■ Exercise aim ■
Quote only the lines that start at the line with "16160 Columbus Ave, Rockville, MD 20855 - #2" and run to the end of the entries; omit the pictures.

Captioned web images
++++++++++

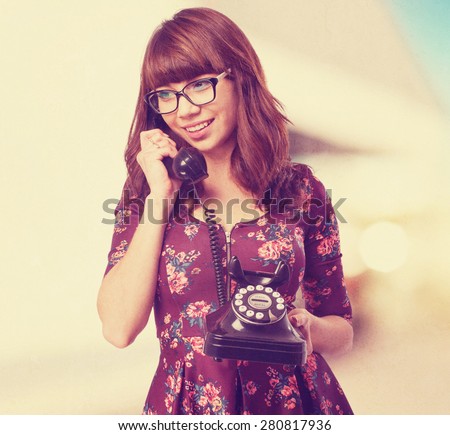 pensive young-woman telephone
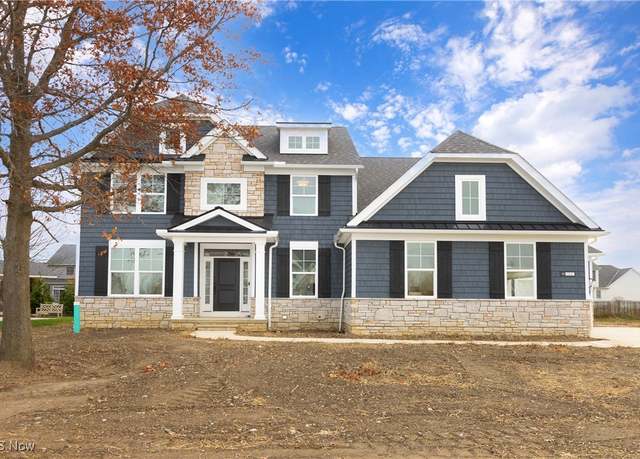 Property at 595 S Port Dr, Avon Lake, OH 44012, 4 beds, 3.5 baths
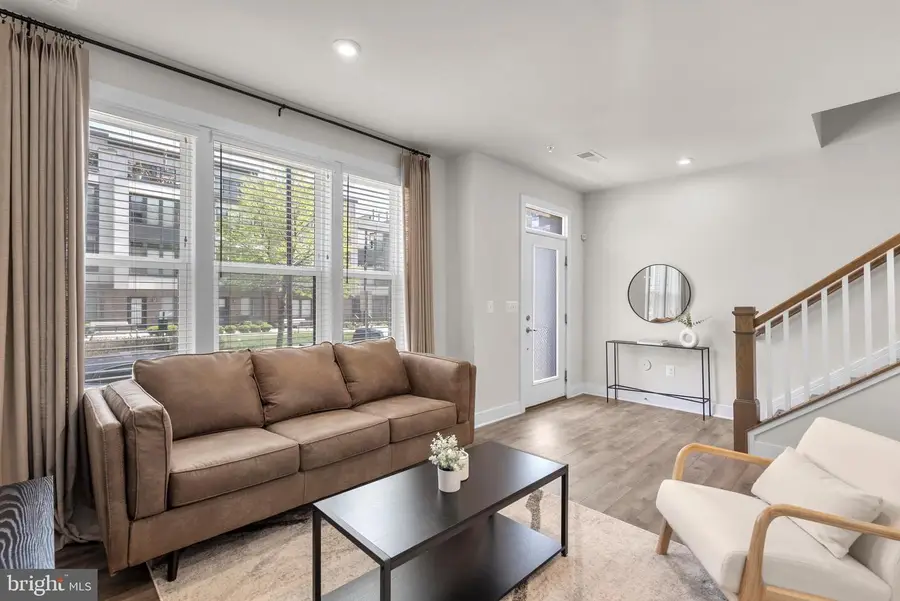 16160 Columbus Ave, Rockville, MD 20855 - #2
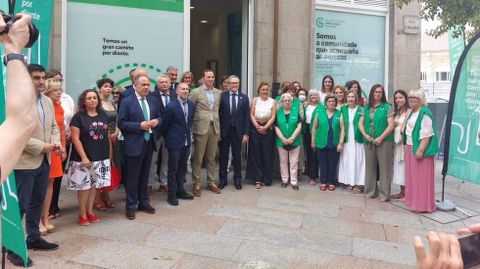 Foto de familia de la inauguracin de la nueva sede de la AECC en Ourense
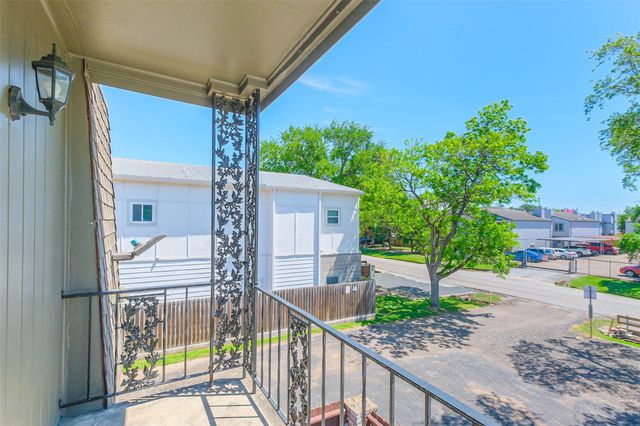 5922 Fairdale Lane B, Houston, TX 77057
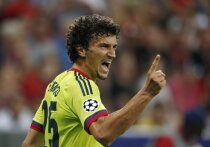 38-летний финский полузащитник Роман Еременко, рекордсмен среди финнов в РПЛ, близок к возвращению в лигу — возможен переход в «Оренбург». Ранее он выступал за «Рубин», ЦСКА, «Спартак» и «Ростов», а в 2025 году получил первый за девять лет вызов в сборную Финляндии.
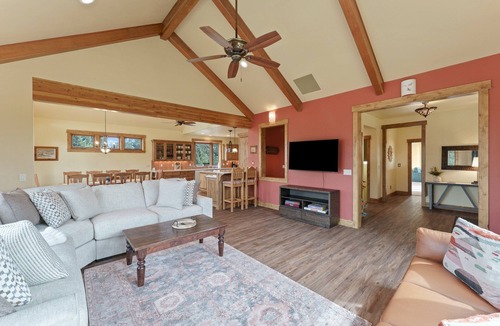 Bend House | High Lowe- Gorgeous Retreat, Hot Tub, A/C, Views, Ponds, Ping Pong, BBQ!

++++++++++

■ Task output ■
 16160 Columbus Ave, Rockville, MD 20855 - #2
 Foto de familia de la inauguracin de la nueva sede de la AECC en Ourense
 5922 Fairdale Lane B, Houston, TX 77057
 38-летний финский полузащитник Роман Еременко, рекордсмен среди финнов в РПЛ, близок к возвращению в лигу — возможен переход в «Оренбург». Ранее он выступал за «Рубин», ЦСКА, «Спартак» и «Ростов», а в 2025 году получил первый за девять лет вызов в сборную Финляндии.
 Bend House | High Lowe- Gorgeous Retreat, Hot Tub, A/C, Views, Ponds, Ping Pong, BBQ!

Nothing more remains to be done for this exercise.